At Porter Adventist Hospital, an acute care hospital, a lack of knowledge and confidence was revealed in providing care to patients at end of life. To solve for this, the palliative care (PC) Advance Practice Nurses (APRNs) developed a 2-hour educational intervention for bedside nurses. After training, the nurses were able to demonstrate improved knowledge and self-efficacy. Research is underway to find the impact on clinical practice, with the hope to change nursing practice to improve the experience for the patient and family.
St. Tammany Health System
“Culture Shift Change within Rural South Louisiana Health System”
St. Tammany Health System (STHS) cares for a rural and suburban population; this includes Tangipahoa and Washington Parishes, which have respectively 24.9% and 21.7% of their populations living in poverty (per the U.S. Census Bureau). This compares to a statewide poverty average of 19.0% within Louisiana. These marginalized populations historically have had limited access to health care services.
STHS’ initiative aims to improve alignment of medical care received with the care desired by this marginalized, rural population. The goal is to improve integration of advanced care planning (ACP) services within the acute and post-acute settings for these communities. This included having the palliative care team broadening their scope to create a more comprehensive service, spearheading the standardization of ACP documentation.

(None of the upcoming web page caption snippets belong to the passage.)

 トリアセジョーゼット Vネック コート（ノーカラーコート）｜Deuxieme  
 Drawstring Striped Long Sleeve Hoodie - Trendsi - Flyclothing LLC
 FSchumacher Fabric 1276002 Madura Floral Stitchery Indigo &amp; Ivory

Tufts Medical Center and Merrimack Valley Hospice
“Overcoming End of Life Disparities through Community Engagement and Education”
This innovative community outreach initiative between Tufts Medical Center palliative care and Merrimack Valley Hospice successfully engaged the Boston elderly Chinese American community conversation around serious illness, advance care planning, and end of life.

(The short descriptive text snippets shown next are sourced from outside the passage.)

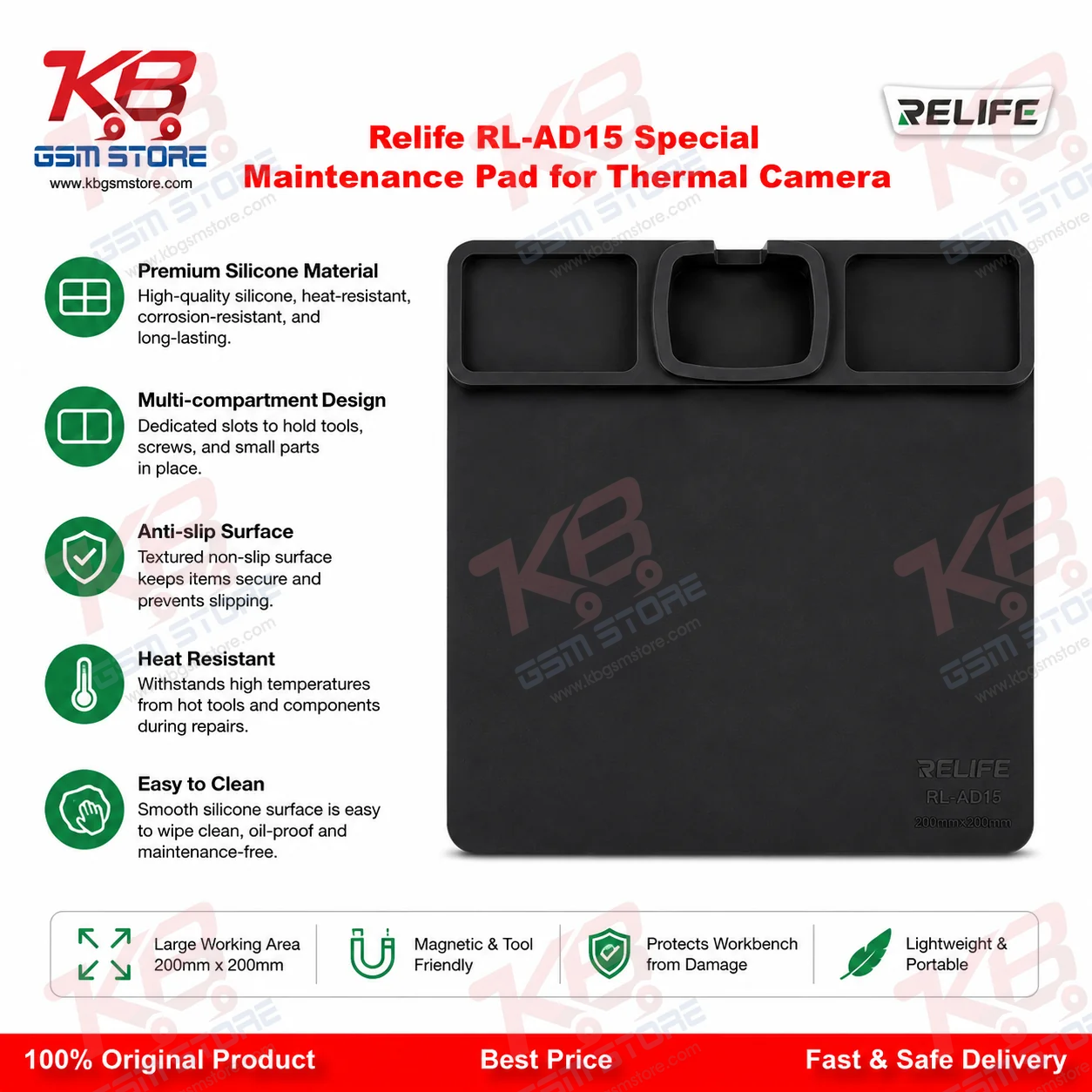 RELIFE RL-AD15 Silicone Maintenance Pad for PCB Thermal Camera – Heat Resistant Work Mat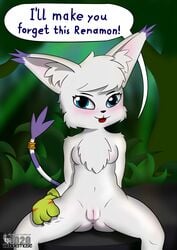 anthro digimon digimon_(species) domestic_cat felid feline felis female fluffy fur gatomon genitals hi_res kemono mammal needy nude pinup pose pussy ring seductive solo speech_bubble text wunderhase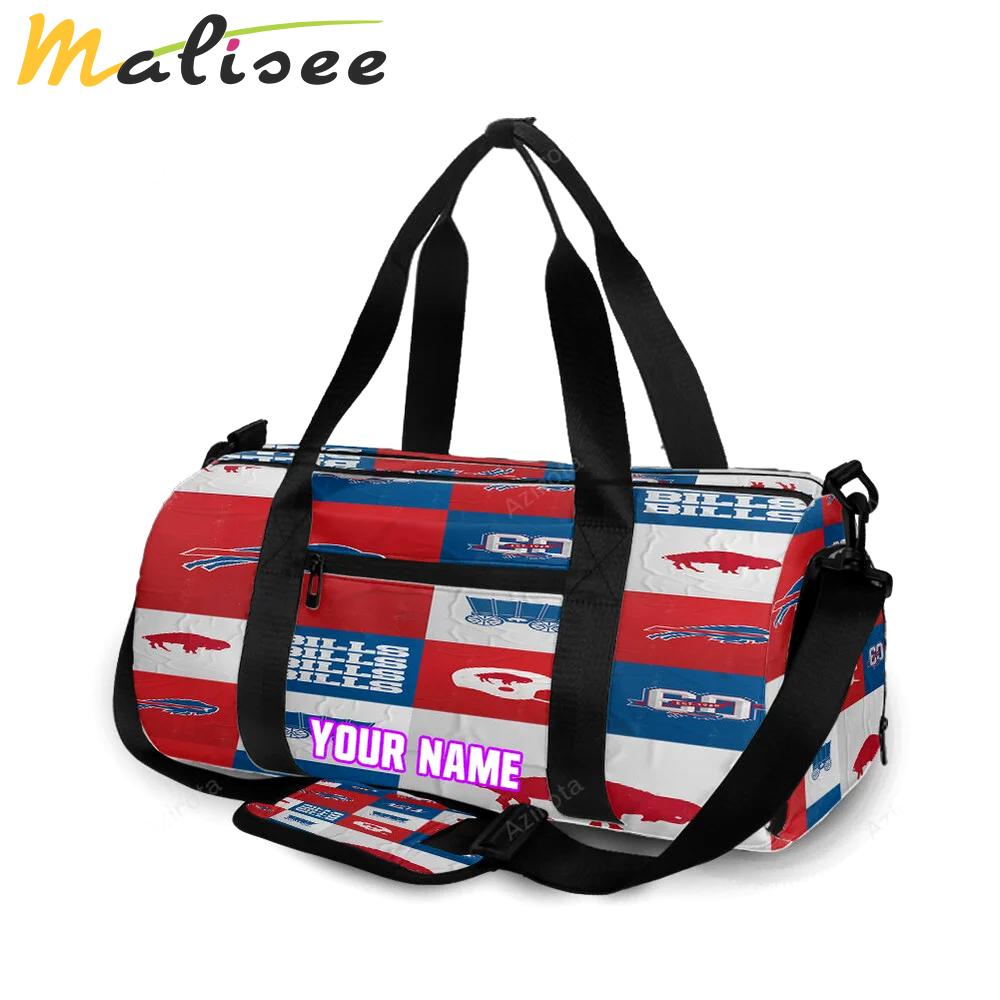 Buffalo bills logo v24 personalized name travel bag gym bag 238 Travel Bag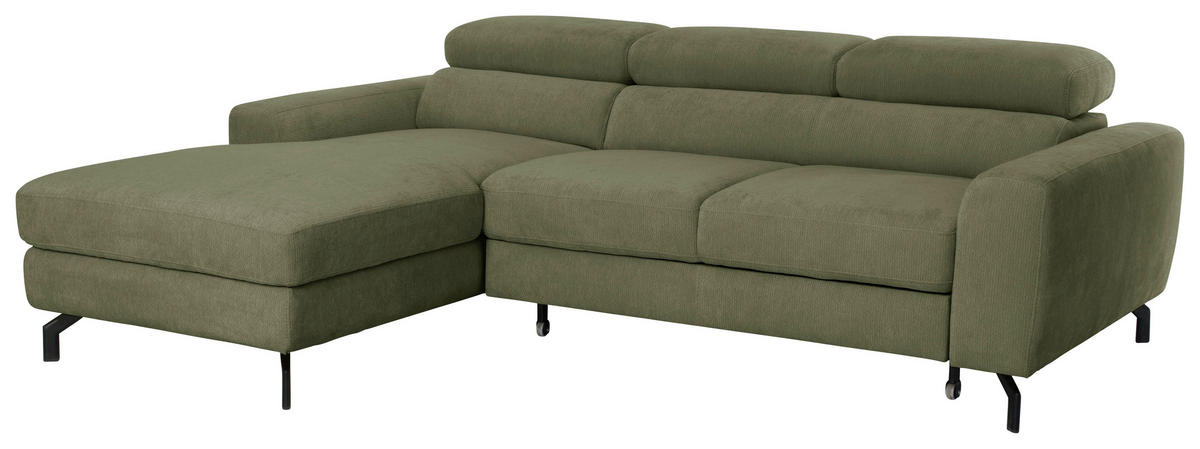 ECKSOFA LARGO in Chenille Grün  177/226 cm  - Schwarz/Grün, Design, Textil/Metall (177/226cm) - Livetastic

The palliative care team at Tufts started by identifying and addressing disparities in end of life care for traditionally underrepresented populations – through education specific to serious illness, such as cancer, end of life care and planning, and grief and bereavement. Through the early identification of the local Chinese-American immigrant community, the team fostered civic learning, completed a needs assessment, and educated and engaged the population in their health care.
This initiative enabled Chinese American community members and medical providers to engage in dialogue around sensitive/taboo topics, and represents a successful collaboration between a palliative care program and community-based non-profit organization serving elderly population in Boston’s Chinatown.